Certainly Ray and I have tried to establish a lawn. Last year -- our first in the new home we built in the country -- we planted 600 pounds of grass seed just before the Monsoon Season hit our area. We have wonderful grass at the base of the hill where all the seed washed and we have a nice stand of dirt -- dotted with tiny plugs of zoysia grass -- around the periphery of the house. Ray and I believe that we have the only yard in Kansas that looks like Sen. Joe Biden's head.

Just getting the zoysia here was no easy task. We moved almost an acre of it from our former yard and it was backbreaking work. My job was to cut the sod into 2-foot sections with an ax after the landscapers loosened it from the soil with a sodcutter. Ray and the boys spent days loading and transporting dozens of pickup loads to our building site. (When Ray traded off his old pickup several months later, the salesman observed, "Hey, you've got grass growing in the back of your truck!") Just our luck to be able to grow grass in the metal bed of a pickup but not in soil.

Trying to establish a lawn also damaged our house when Ray hit the side of it with a tractor and sheared off one of the outside water faucets.
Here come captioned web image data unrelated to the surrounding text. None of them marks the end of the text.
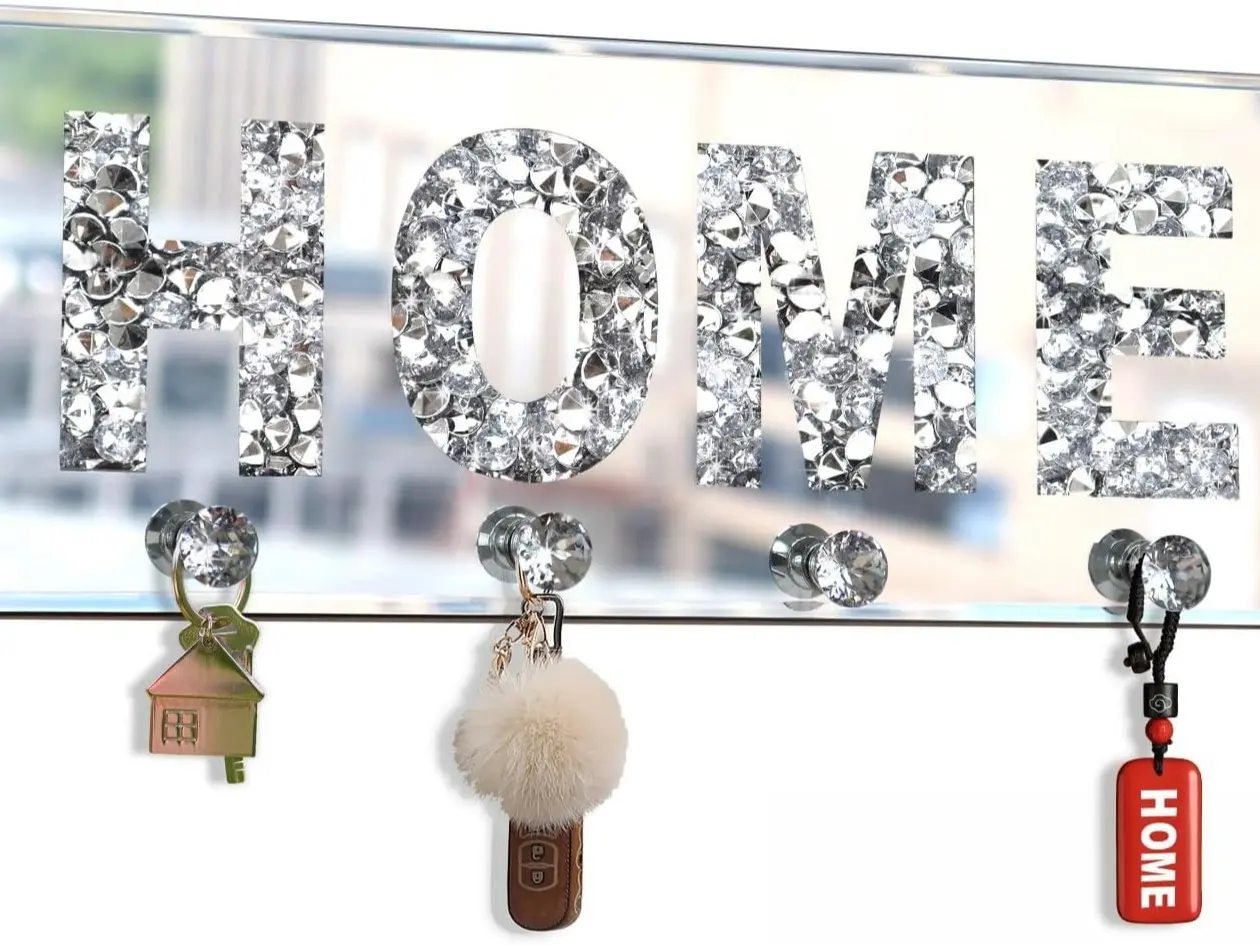 Diamond Mirrored Home Letter Plaque Sign for Wall Decor, Crystal Clear Hooks Key Holder Key Hanger, Silver Mirror Decoration Wall Art Hanging Decorative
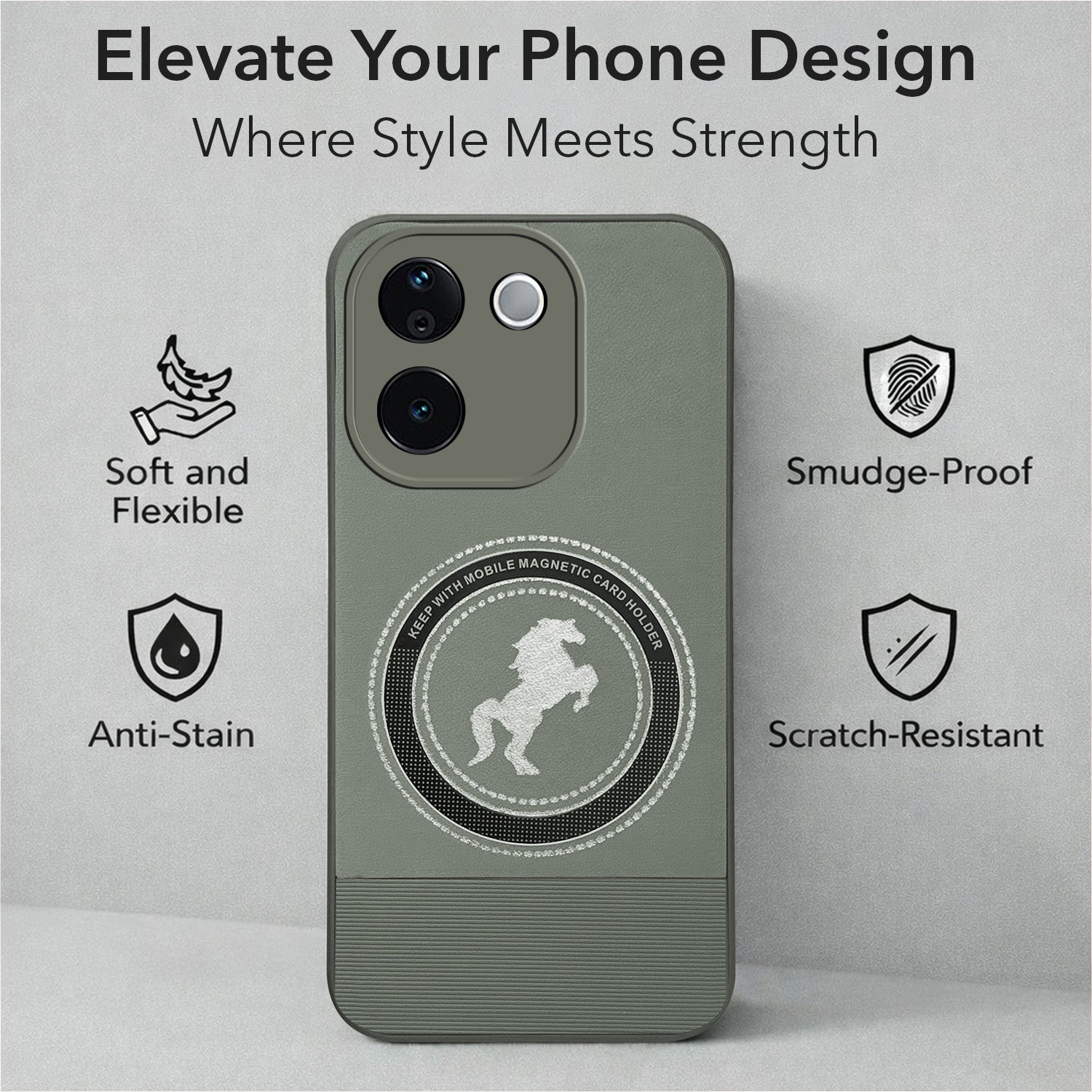 For Vivo T3 Pro Back Cover Case PU Leather Finish (Professional Minimalist Texture | MagSafe Compatile | Camera Protection | Sleek Sober Formal)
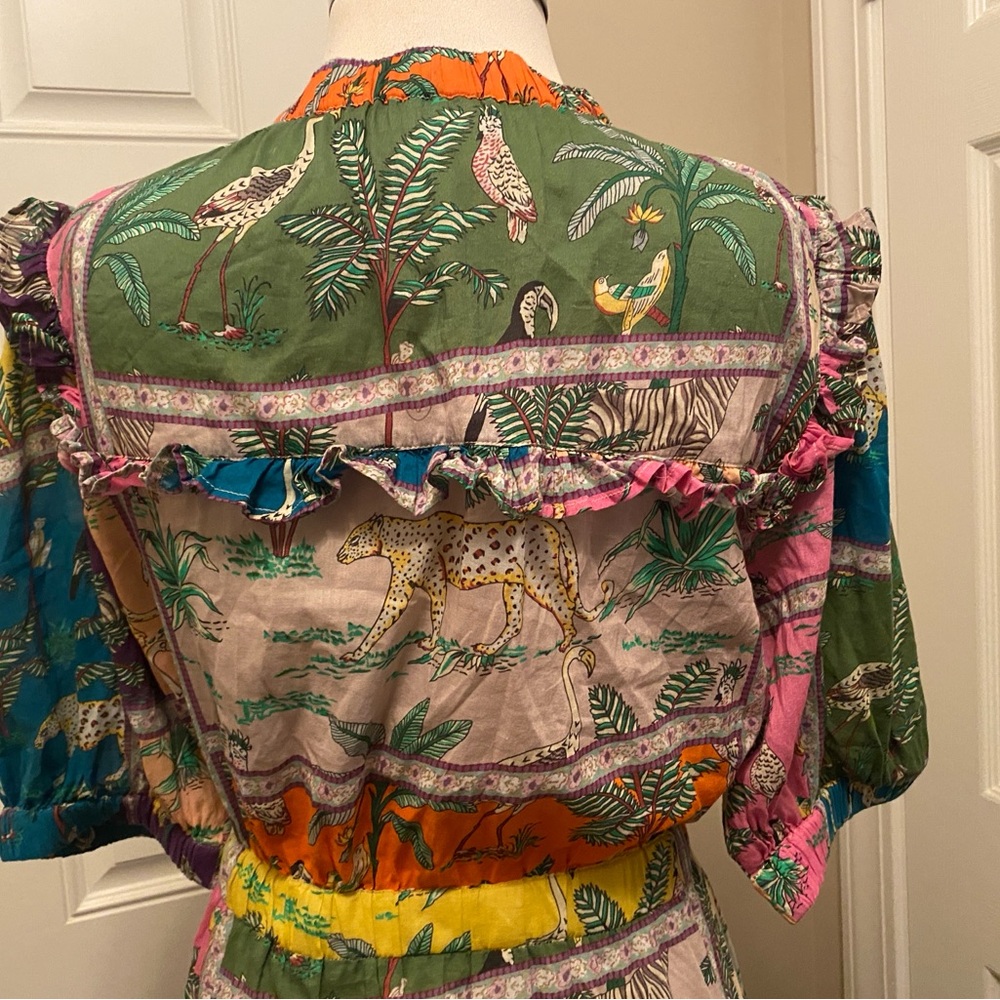 Bohemian Animal Print Midi Dress in Multicolor - Picture 7 of 15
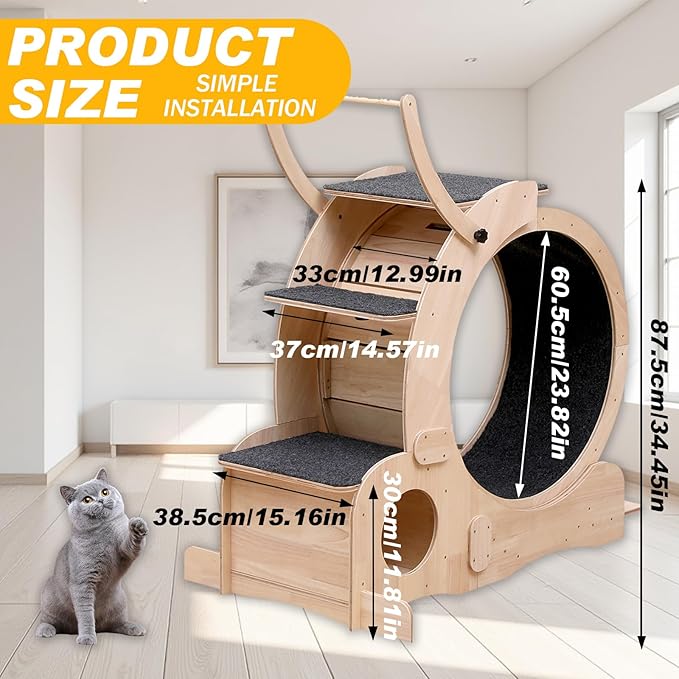 Cat Wheel 7-in-1 Upgraded Exercise Treadmill for Indoor Cats,Cat Treadmill with Silent Running Wheel, Cat Tunnel, Cat Wheels for Indoor Cats, Perfect Cat Jym & Toy for Endless Fun & Fitness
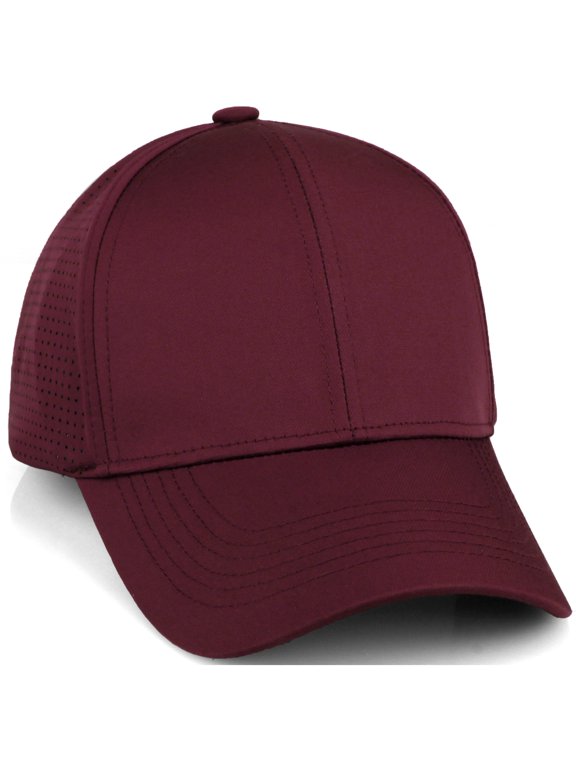 Air Cool Tech Hat Ventilated Micro Holes Structured High Profile Baseball Cap, Burgundy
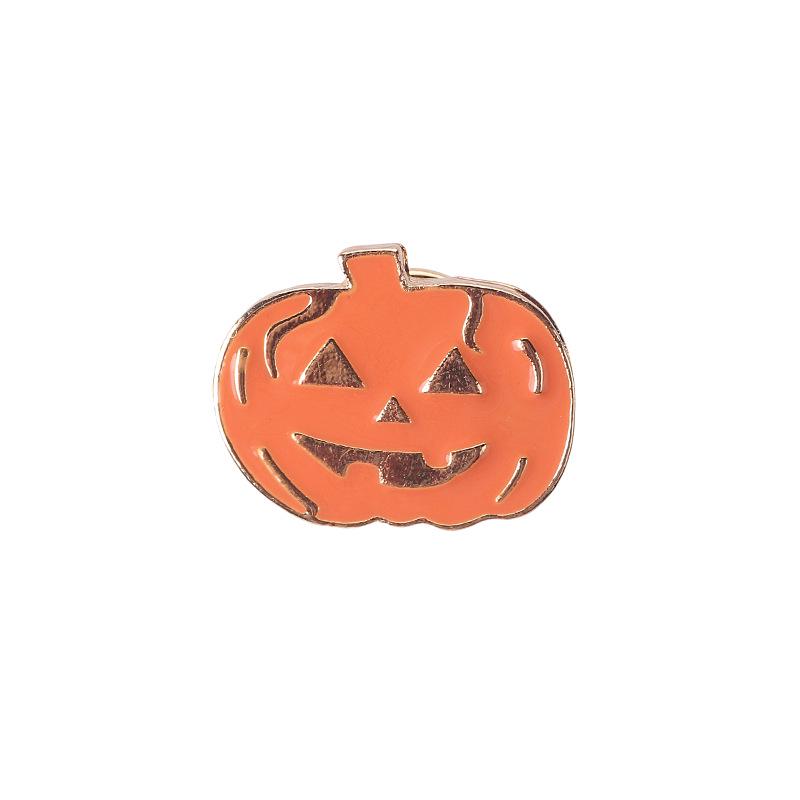 Trendy Halloweenská kreslená brož lebka dýně duch čarodějnice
He was hugely embarrassed because he virtually grew up on the seat of a tractor and was doing much of the field work at his parents' farm even before he reached his teens. But he had never operated a tractor on a slope with a fully loaded box-blade. "I had the choice of turning the tractor over backwards or hitting the house," he sheepishly explained to me. One thing about Ray, even his panic decisions are good ones.

We have learned to be creative in simulating a lawn. We've discovered that weeds -- when cut short and viewed from a distance -- can pass for grass. And, because we live in the country, we leave untouched small areas of wildflowers and native prairie grasses, the latter of which have the added advantage of turning red in winter.

Still, we are getting ready to plant more grass seed in the hope of establishing a lush lawn that Ray can mow without sending up clouds of dust reminiscent of Western Kansas during the drought-stricken "Dirty Thirties." I'm confident that we will soon have grass thick and tall enough to provide our snakes with protection from hawks.

Unfortunately, they can't be guaranteed protection from my man on a riding lawn mower. According to Ray, the only good snake is the sectional one that is inside the mower bag. That is why -- once we have a lawn -- I don't expect to see neat straight lawn mower paths. Our grass will be mowed as it always has been: free-form!

And that is also why our youngest son, once the proud owner of a 14-foot Burmese python, will cringe when he surveys the erratic path of our lawn mower. He will know it means his dad has bagged yet another snake in the grass.